Y	Hacker News new \| ask \| show \| jobs

by Piezoid 1462 days ago

I can think of many specialized applications where the versatility is superfluous while the size of the model prohibit inference on the edge.

Do you know if there is available methods for shrinking a fine-tuned derivative of such big models?

Beside generating a specialized corpora using the big model and then train a smaller model on it, is there a more direct way to reduce the matrices dimensions while optimizing for a more specific inference problem? How far can we scale down before the need of a different network topology?

2 comments

f38zf5vdt 1462 days ago

You can quantize the model to 8-bit tensors instead of 16- or 32-bit bfloats. NVidia has dedicated hardware in their latest series of GPUs so that they can do inference with 8-bit quantization quickly, and it yields 1/2-1/4x of the model in memory. There are other tricks that can be used like sparse tensors, which have been applied to language models and can reduce the memory overhead 10-100x.

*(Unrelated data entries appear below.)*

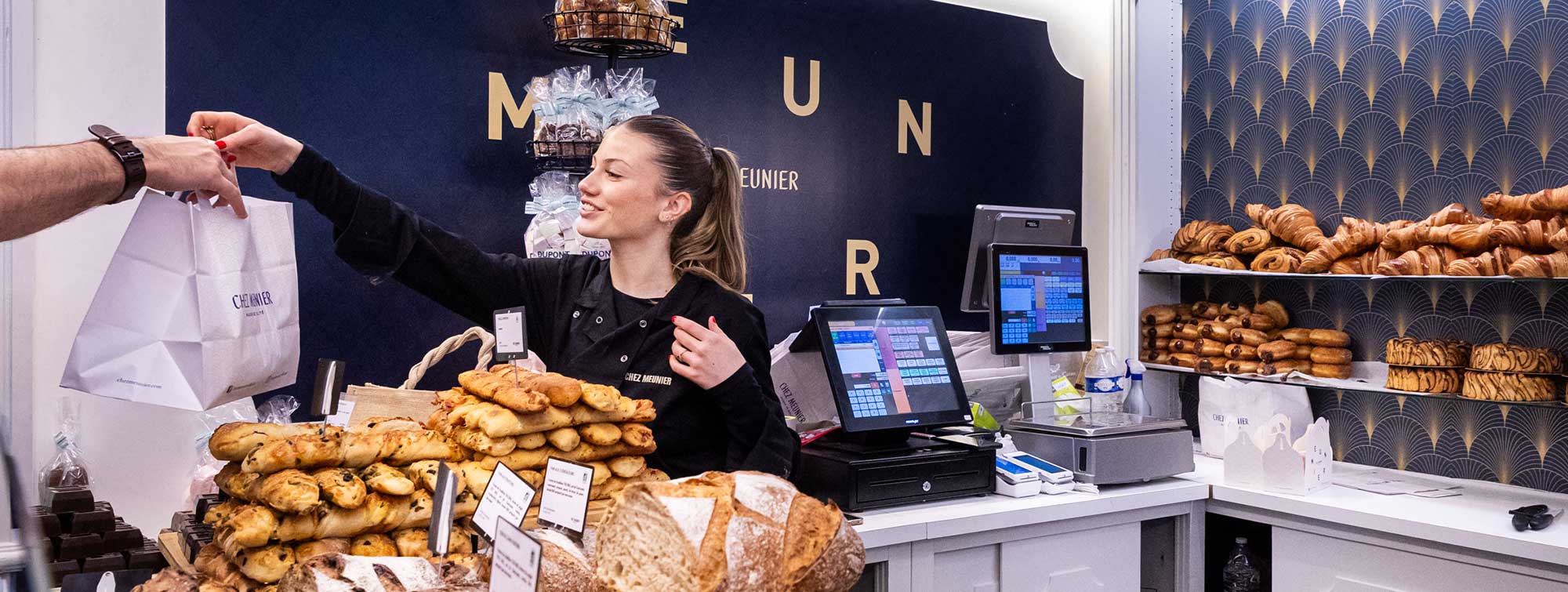 Vue sur un stand avec des viennoiseries et l'exposant qui tend le sac à l'acheteur. 
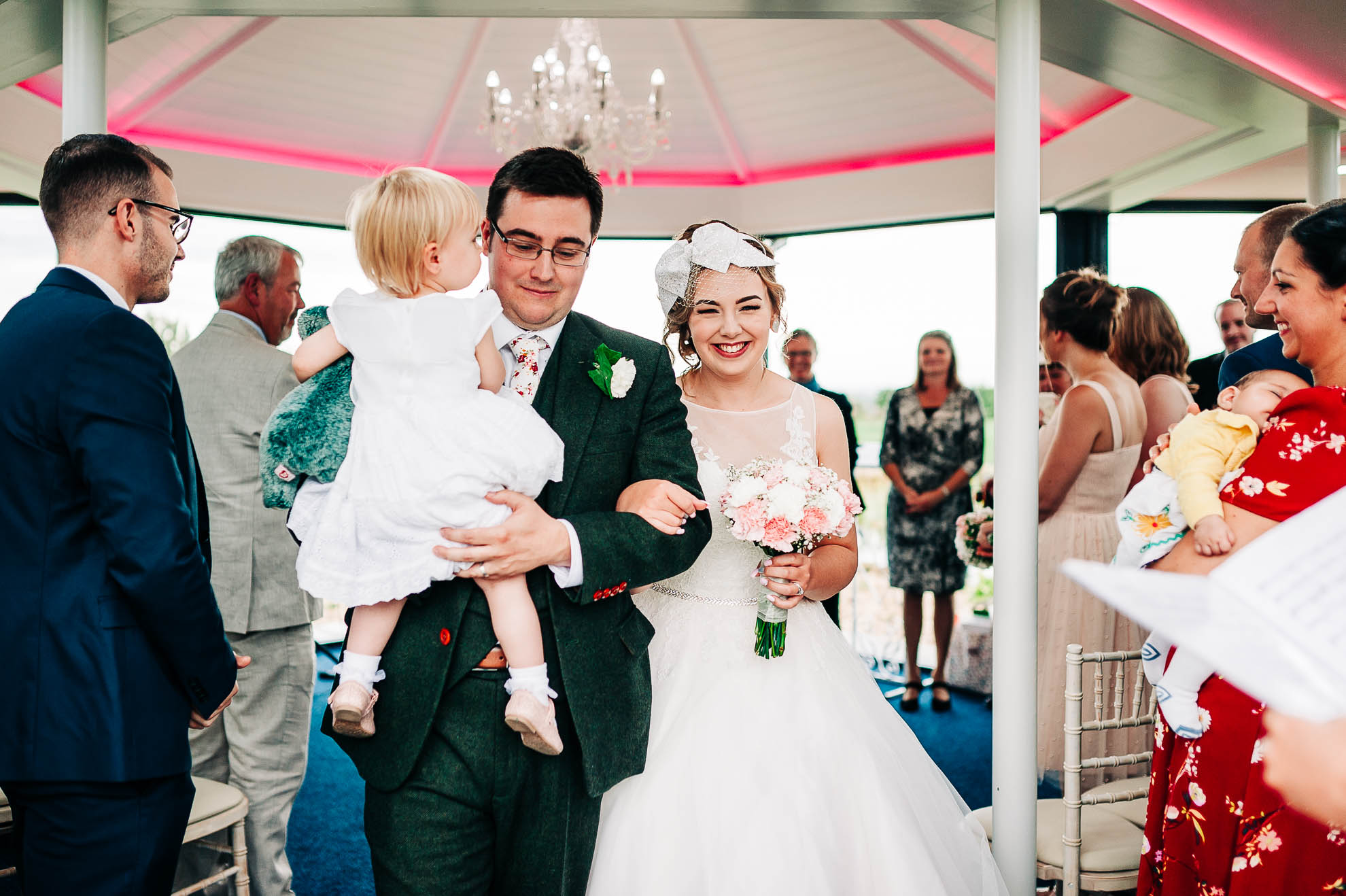 The newly weds walk back down the aisle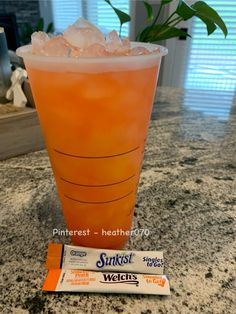 an orange drink sitting on top of a counter next to a bar with some ice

See also: "From Dense to Sparse: Contrastive Pruning for Better Pre-trained Language Model Compression"

fishingboy 1462 days ago

As far as I am concerned, there are many ways to compress a model such as quantization, pruning, and knowledge distillation.

By the way, I found a package called BMCook when I browsed the OpenBMB repo, which implements several algorithms and also compares it with other model compression packages. Hope this can help you.